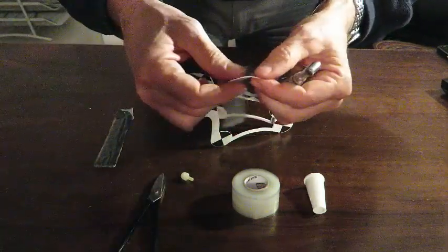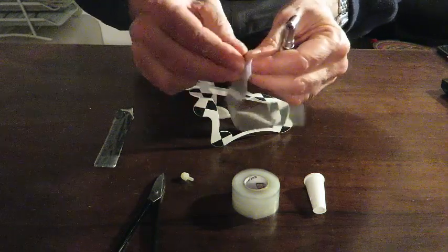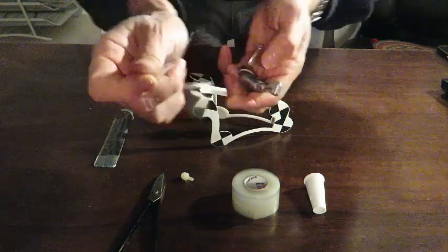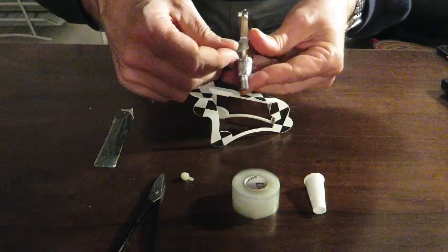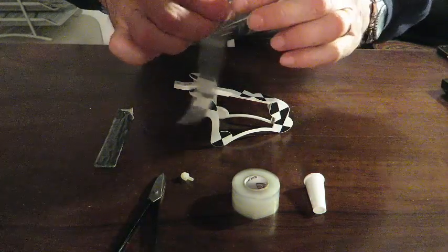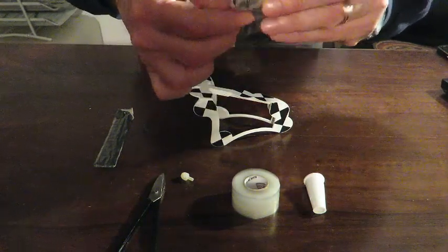Then, after cutting 20 cm of the silicone, we will peel the silicone out. What we are going to do is roll the silicone 360 degrees around the adapter.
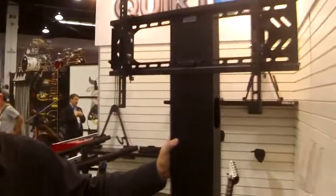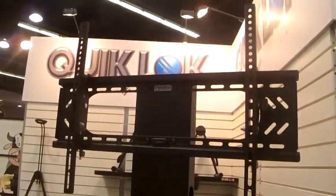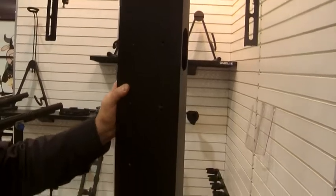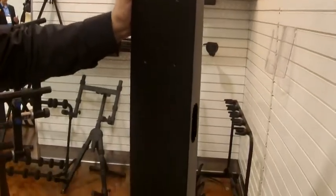We've got the DSK-590 video display stand. This holds up to 55 inch flat screen TVs, perfect for schools, institutions, displays, DJs, karaoke — the applications are endless for you.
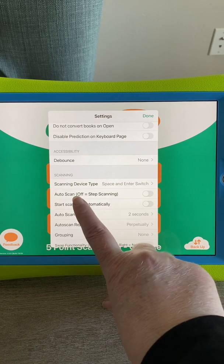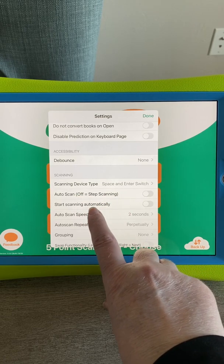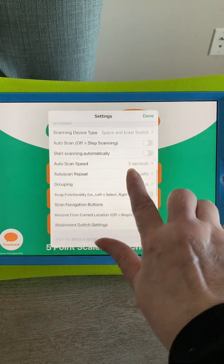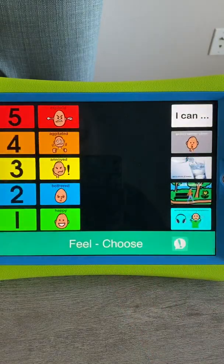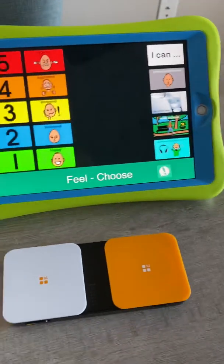If you want it to automatically start the scanning, you can do that. You can also adjust your speed, grouping, and so on. But for right now, I'll back up a little bit.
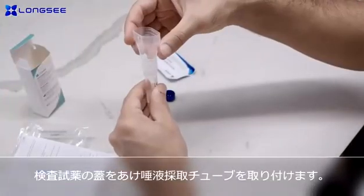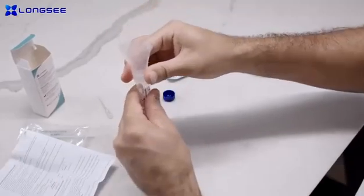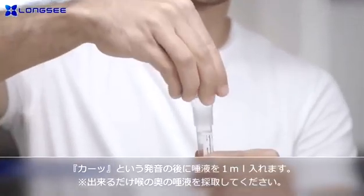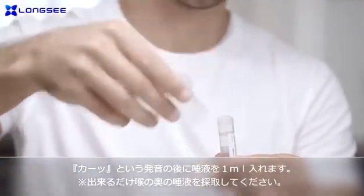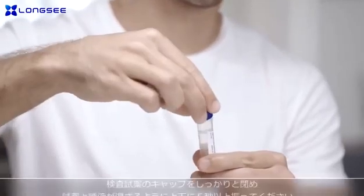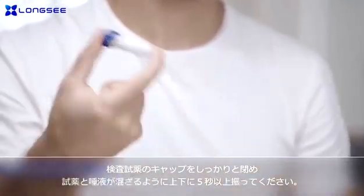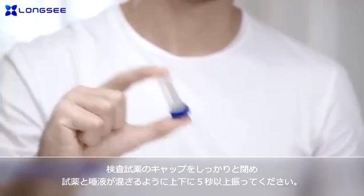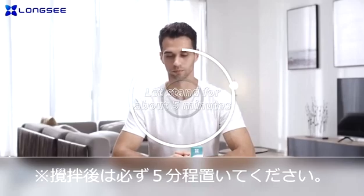Take out the saliva collector and take around one milliliter of saliva. After the collection, unscrew the funnel and screw the blue nozzle into the collection tube. Turn upside down the collection tube slightly for five seconds, ten times. Leave the collection tube to stand for about five minutes for the saliva and buffer to thoroughly mix.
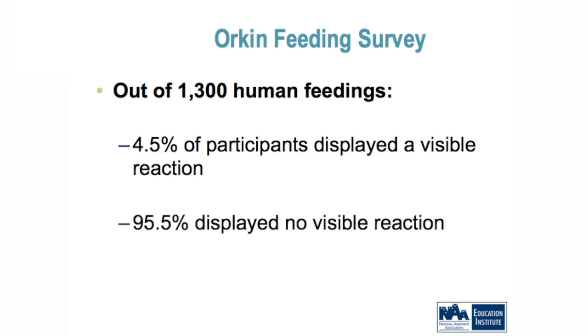Based on thirteen hundred people, only four point five percent had any reaction, and ninety-five percent had zero reaction. Why is that important to you? You could have bed bugs in your apartment complexes or hotels and not even know it.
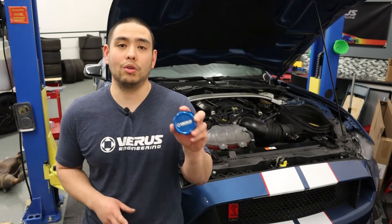What's up guys, Tom from Ferris Engineering, and today we're going to be going over the install of our coolant cap on the Shelby GT350R.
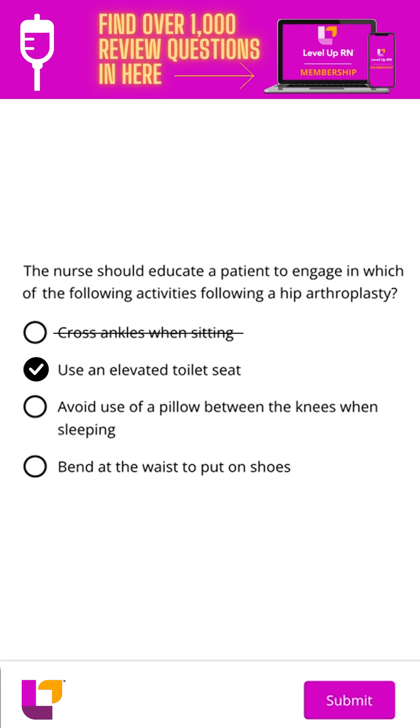Option three is avoid the use of a pillow between the knees when sleeping. That is not accurate. We want to keep those legs abducted, so we would use a special abduction pillow in between the legs, or a regular pillow — we want those legs apart.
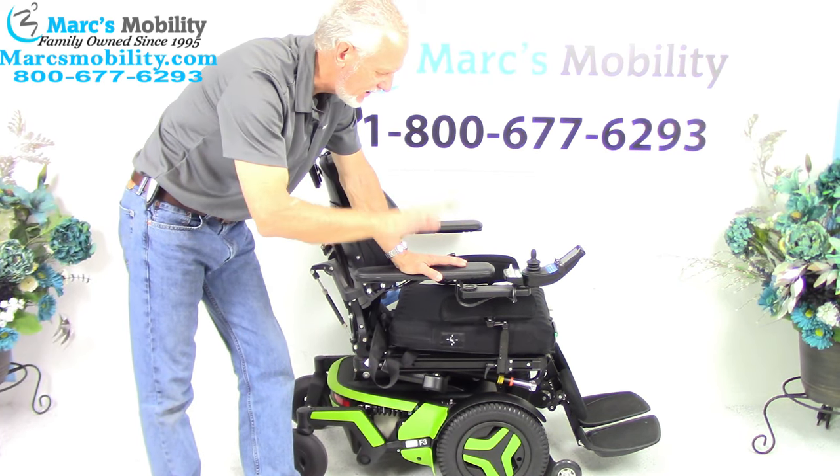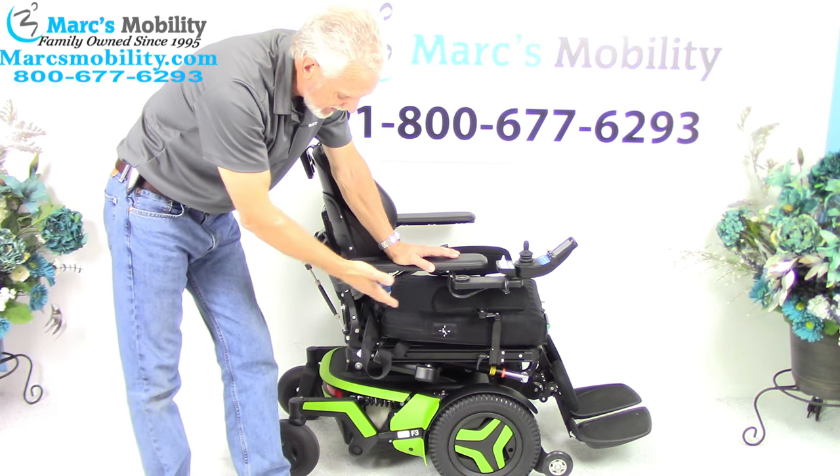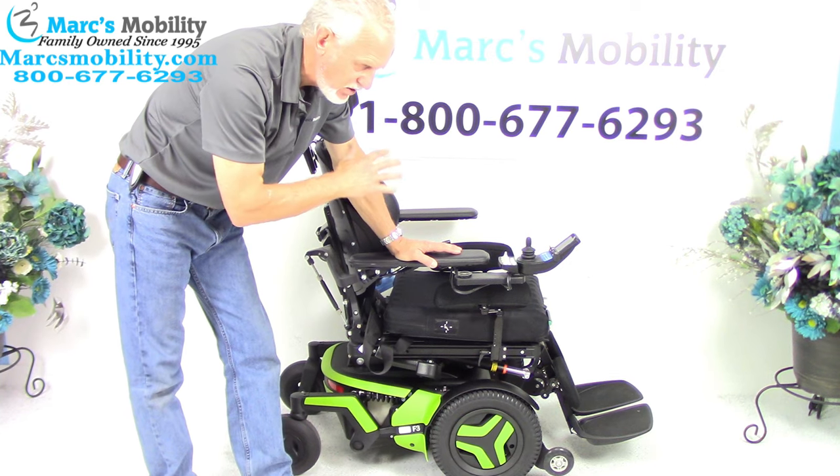Just electric tilt, electric recline, electric legs. It has less than two miles. It's the newest model — neon green — a beautiful power chair in new condition.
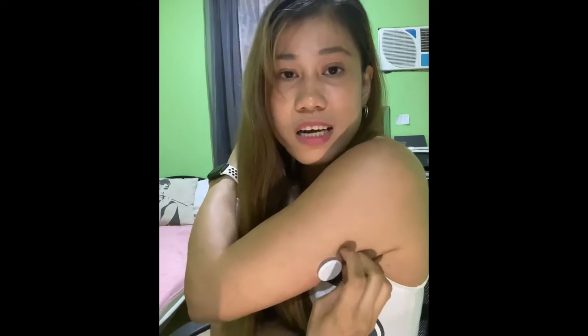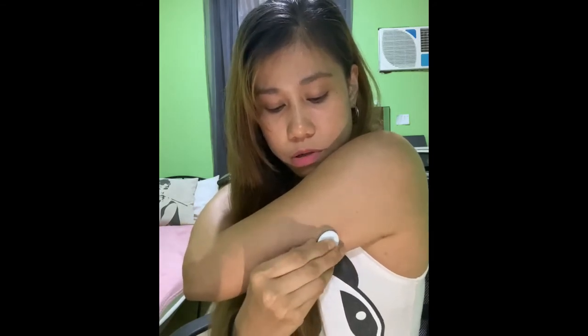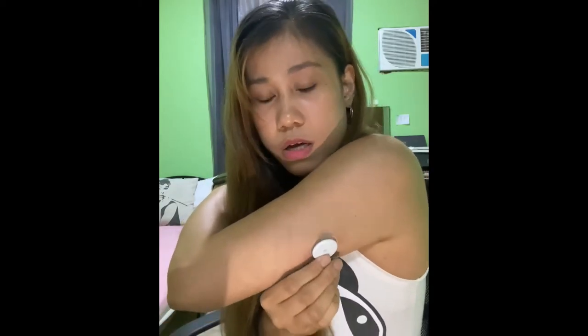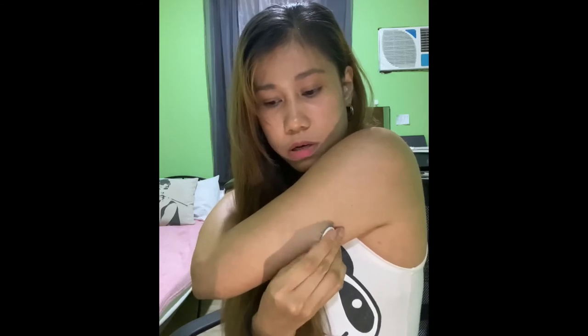Actually, it bumped into a doorframe once, but it still didn't come off. Most people in the US use a patch to make it stick more firmly because usually it doesn't last them 14 days — it comes off on them. But for me, even my first sensor, even when I worked out and sweated a lot, it still stayed on.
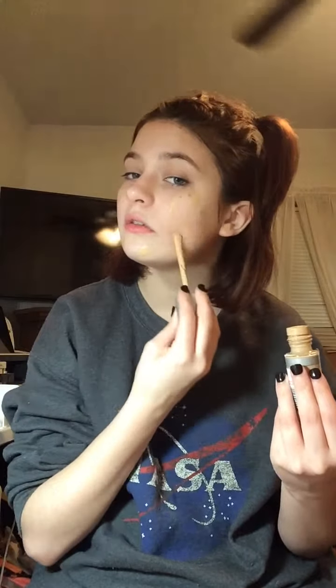To start off, I'm going to be using this Rimmel London Lasting Finish 25 Hour Breathable Foundation in the shade Classic Ivory. I'm just going to apply a few dots here and there on the face to make sure I get full coverage. Then I'm going to take a fluffy angled brush and blend all of that in, buffing it into my skin to give me a soft and full coverage look.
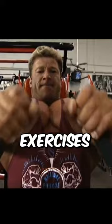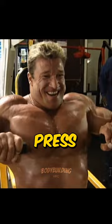Last but not least, we have the machine chest press. Don't forget to smile when you completely destroy your chest. Do this three times till failure.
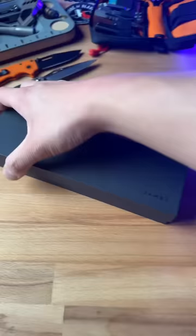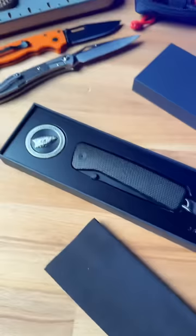This has to be some of the most fancy packaging I've ever seen. It comes with a microfiber cloth — oh my god, yes! Let's open her up for the first time.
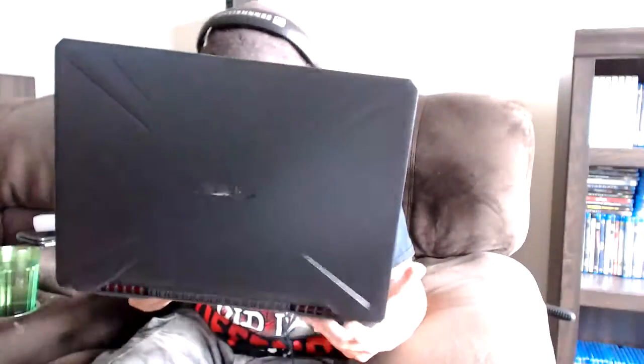Wow. Holy crap. There's the inside of that. Inside we got...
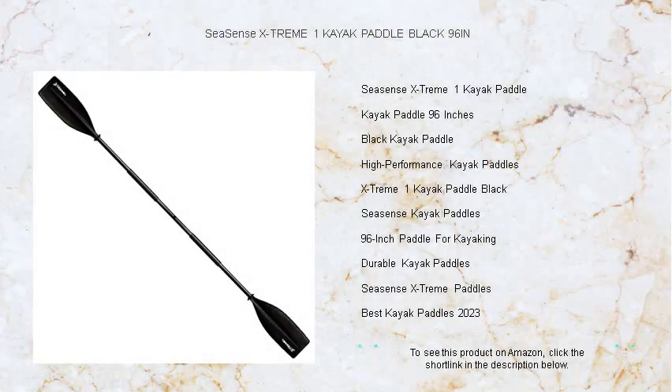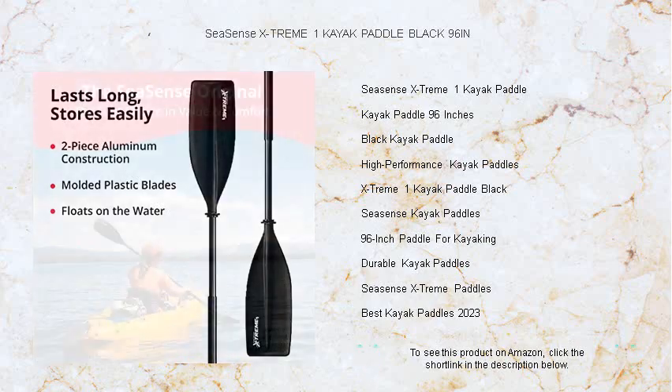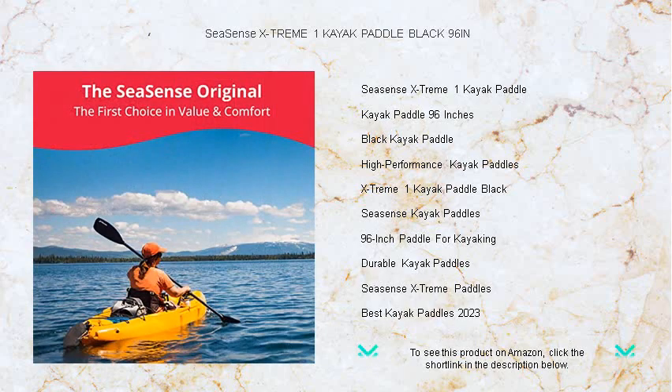Embark on your next aquatic adventure with confidence and style using the Seasense Extreme One Kayak Paddle in Sleek Black. Designed for durability and performance, this top-of-the-line paddle features a lightweight, two-piece aluminum construction that makes transportation and storage a breeze.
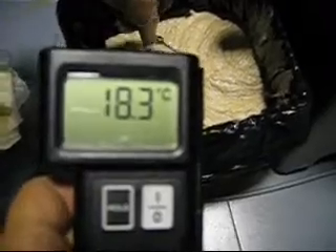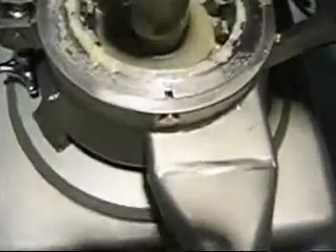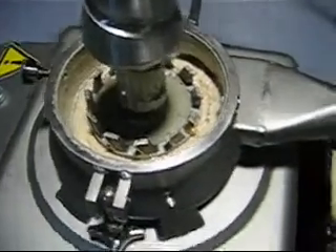4.3 degrees at this first trial. We were using a 0.7 cutting ring. Now we change the cutting ring from 0.7 to 0.5.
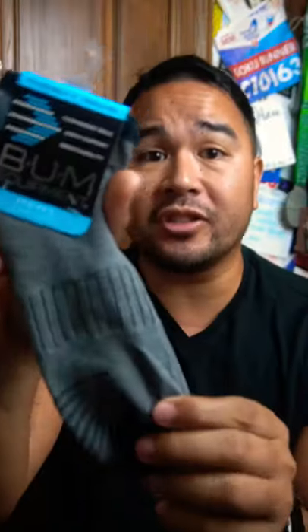So what I found is this pair of socks — bum equipment socks. It's cushioned sole, arch support, breathability, fits size 6 through 12. They're not the worst socks. I'd definitely wear these for a 5k, 10k, heck even a marathon. I think these socks are going to get a thumbs up.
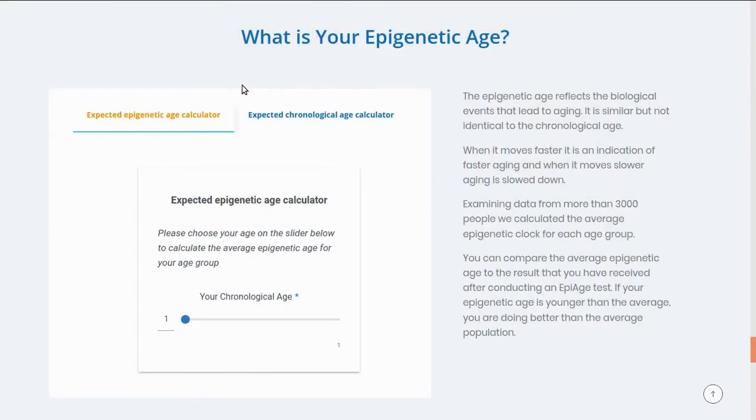Do you have any idea of the average biological age in your chronological age group? On the EpiAging website they have a calculator that will help show you this. Based on your chronological age, it shows what your expected epigenetic age should be. I can move this slider to my chronological age, which is 58, and this shows that my expected epigenetic age would be 63.3.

• • • • •

**What to produce**
Your answer must be the exact lines from the records above, from the one containing "Take out the" through the one containing "Option three is", both included, with every picture left out.

**Answer area**
Take out the saliva collector and take around one milliliter of saliva. After the collection, unscrew the funnel and screw the blue nozzle into the collection tube. Turn upside down the collection tube slightly for five seconds, ten times. Leave the collection tube to stand for about five minutes for the saliva and buffer to thoroughly mix.
Based on thirteen hundred people, only four point five percent had any reaction, and ninety-five percent had zero reaction. Why is that important to you? You could have bed bugs in your apartment complexes or hotels and not even know it.
What's up guys, Tom from Ferris Engineering, and today we're going to be going over the install of our coolant cap on the Shelby GT350R.
Option three is avoid the use of a pillow between the knees when sleeping. That is not accurate. We want to keep those legs abducted, so we would use a special abduction pillow in between the legs, or a regular pillow — we want those legs apart.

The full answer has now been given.